_MATERIAL SHOWN_:
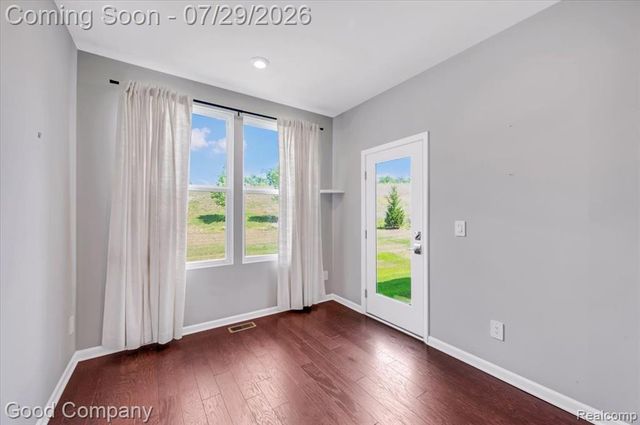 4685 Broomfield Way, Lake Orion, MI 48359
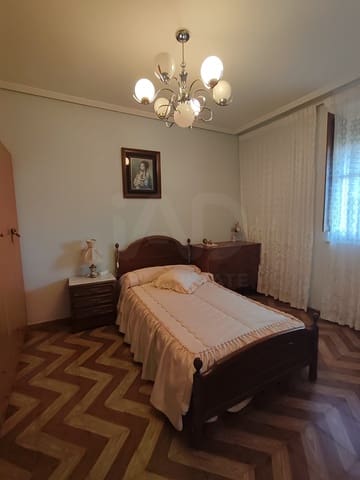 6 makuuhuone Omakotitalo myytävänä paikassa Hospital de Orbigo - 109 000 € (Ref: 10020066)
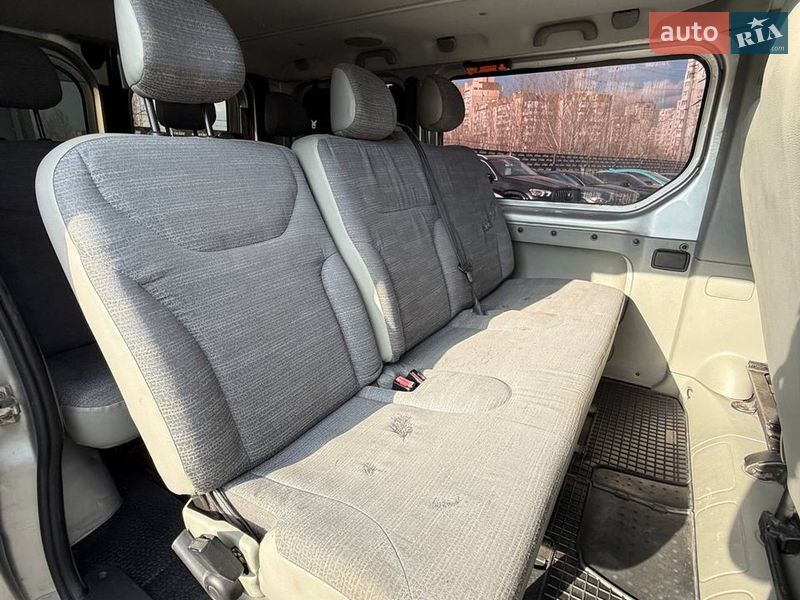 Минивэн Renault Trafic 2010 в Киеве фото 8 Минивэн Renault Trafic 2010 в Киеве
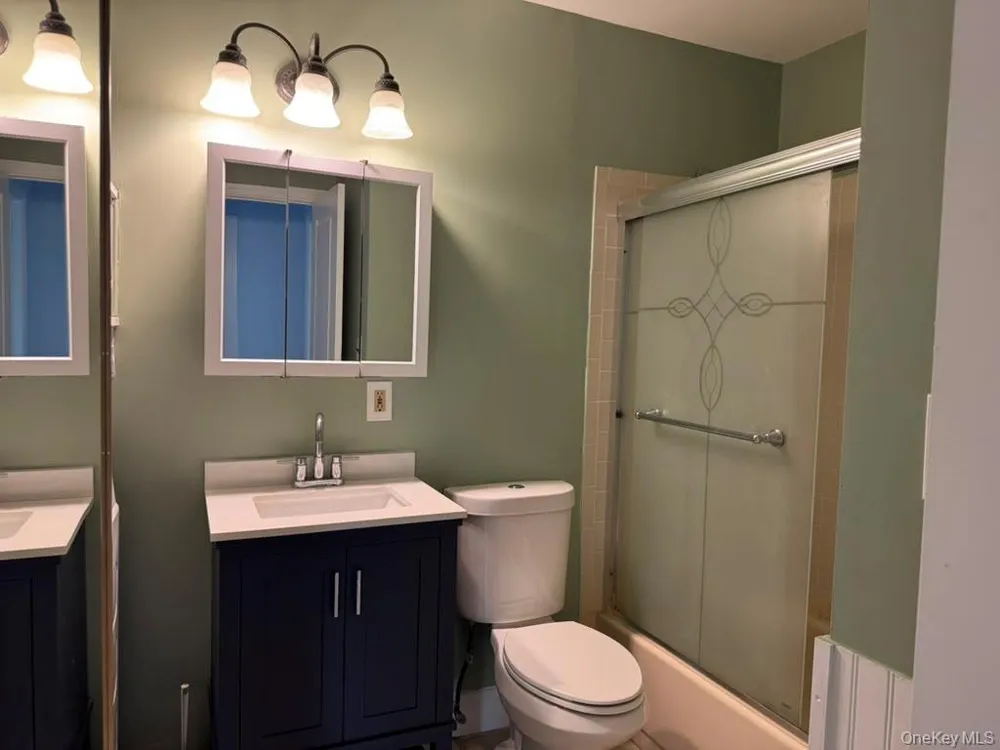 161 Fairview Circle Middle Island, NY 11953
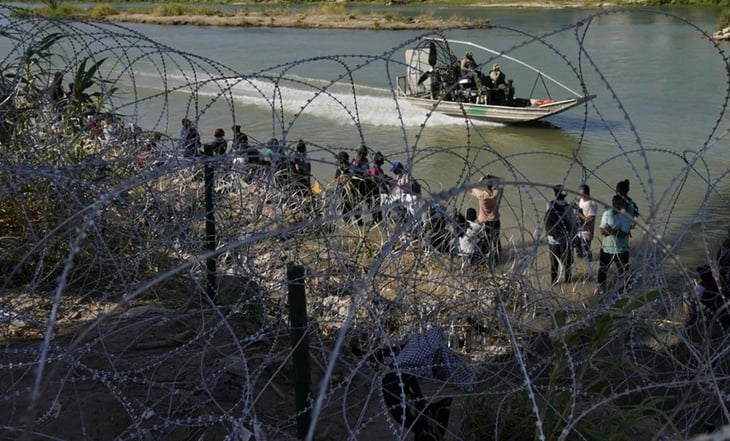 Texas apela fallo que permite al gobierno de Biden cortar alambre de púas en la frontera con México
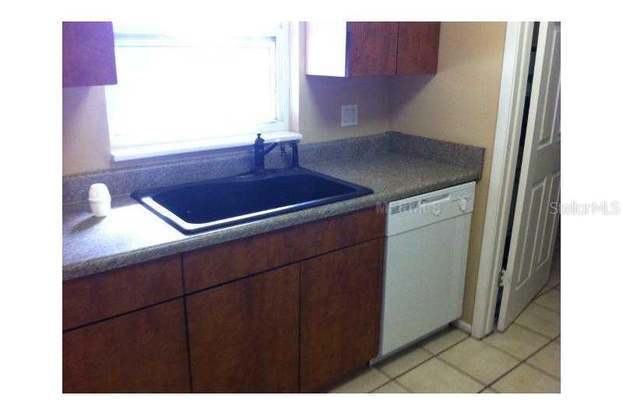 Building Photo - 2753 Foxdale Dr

_WHAT IS EXPECTED_:
Pictures are not part of the answer, which must be the exact lines from the one holding "Texas apela fallo" through the end of the material, both ends included.

_ANSWER SPACE_:
 Texas apela fallo que permite al gobierno de Biden cortar alambre de púas en la frontera con México
 Building Photo - 2753 Foxdale Dr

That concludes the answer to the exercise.